Zeit-Stiftung stiftet Unfrieden: Law School essen Park auf
Hamburgs zentraler Park Planten un Blomen wird bedrängt: Die private Bucerius Law School will direkt an seiner Grenze Erweiterungsbauten errichten.
Planten un Blomen ist der Ort in Hamburg, wo im Frühjahr die ersten Sträucher blühen. Ganz unten, am See, wachsen seltene Trauerweiden, denen man nicht ansieht, wie selten sie sind, und oben rechts stehen die Schaugewächshäuser mit ihrer Stahlkonstruktion von 1963, als in Hamburg Bundesgartenschau war. Über ihnen ist nur noch der Himmel zu sehen, und, weiter zur Seite, das CCH-Hochhaus, 32 Stockwerke hoch, aus den 70er-Jahren, aber das ist weit genug weg.
Näher, viel näher dran an diesem ältesten Teil des denkmalgeschützten Parks steht die Bucerius Law School, benannt nach Gerd Bucerius, dem Verleger der Zeit, und seiner Frau Ebelin, deren Foto am Dienstag auf der Leinwand eines fast voll besetzten Hörsaals in einem Museum am Parkrand zu sehen war.
„Wachsende Stadt – schrumpfender Park“ war die Veranstaltung überschrieben, denn die Law School gedeiht, vor allem aber wächst sie. Längst reichen die Gebäude des alten Botanischen Instituts nicht mehr aus, ein runder Turm für die Hörsäle ist dazugekommen, außerdem ein glänzender Erweiterungsbau namens „Deutsche Bank Hall“ direkt zu den Schaugewächshäusern hin. Nun sollen zwei weitere Gebäude entstehen, eins außen rechts, eins außen links, prominent an der Kante zum Park.

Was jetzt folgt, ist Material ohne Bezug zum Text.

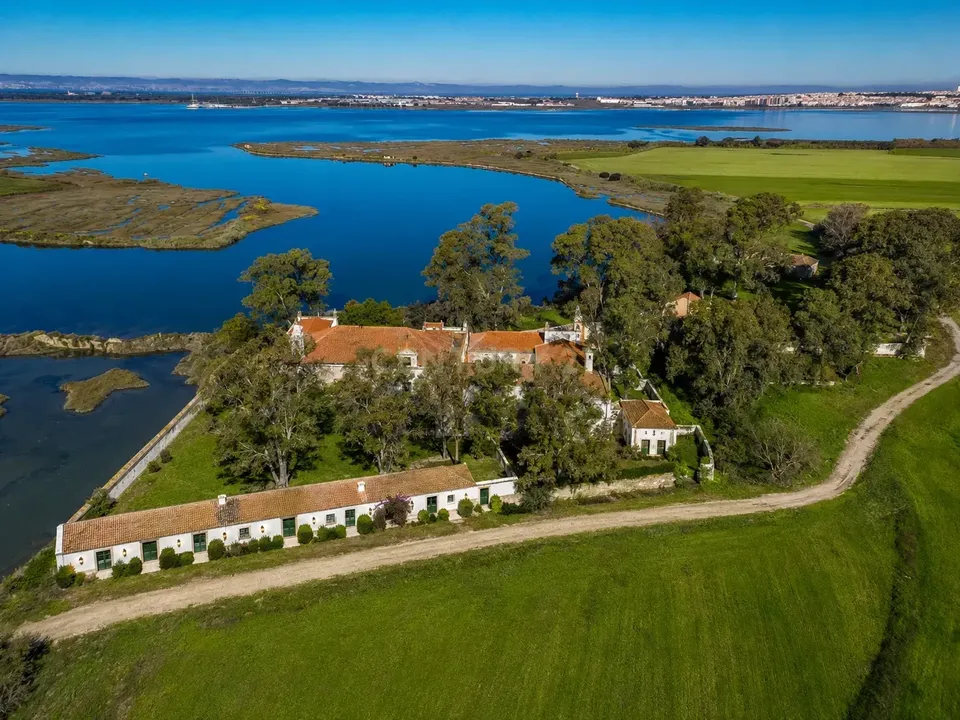 Masia a Moita, Setubal - foto 2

Der Vertreter der Zeit-Stiftung gab sich Mühe, seine Institution im besten Licht zu zeigen. Seht, wie viel Gutes diese Stiftung für die Stadt tut! Und ja, wer wollte das bezweifeln? Dennoch erhob sich in den hinteren Reihen des Hörsaals ein Murren, die Freunde des Botanischen Gartens, mehrheitlich graues bis weißes Haupthaar, waren an diesem Abend klar in der Überzahl.
Unruhe im Hörsaal
„Was tut das zur Sache?“, rief einer, als die Lobpreisungen der Stiftung kein Ende nahmen, Unruhe kam auf. Schließlich stand eine Dame in den vorderen Reihen auf, nahe an dem Block, in dem die Vertreter der Law School saßen. „Entschuldigung, das stört mich, ich möchte hier zuhören!“
Beeinträchtigen die Neubauten den Park oder nicht? Die Antwort hängt von der Perspektive ab. Die Visualisierungen, die der Stadtplaner des Bezirksamts Mitte vorlegte, sahen alles andere als schlimm aus. Gut, das Gebäude hinter den Schaugewächshäusern würde die Silhouette verändern, aber es wirkte doch nicht wie ein Fremdkörper.

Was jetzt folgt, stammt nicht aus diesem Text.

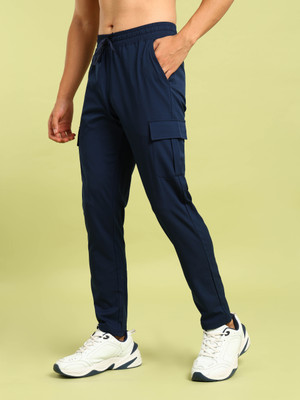 TECHNOSPORT Men Cargos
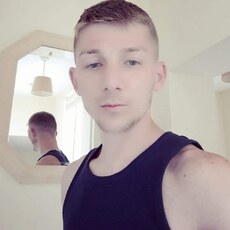 Фотография мужчины Rafael, 35 лет из г. Лод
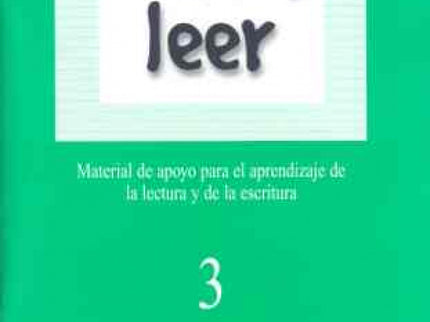Ven A Leer, 3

Warum aber waren die Umrisse dann so licht und verschwommen gezeichnet, als lägen sie im Nebel? Das hatte der Gartenhistoriker Joachim Schnitter, der das Einführungsreferat hielt, gefragt. Er äußerte den Verdacht, das Bauvorhaben sei auf höchster Ebene – Bürgermeister und Zeit-Stiftung – schon vor Jahren entschieden worden, die Behörden hätten seitdem nur noch ausführen dürfen. Ein Vorwurf, den der Vertreter des Bezirksamts Mitte zurückwies: Das Bauvolumen sei ja sogar reduziert worden! Um zwölf Prozent!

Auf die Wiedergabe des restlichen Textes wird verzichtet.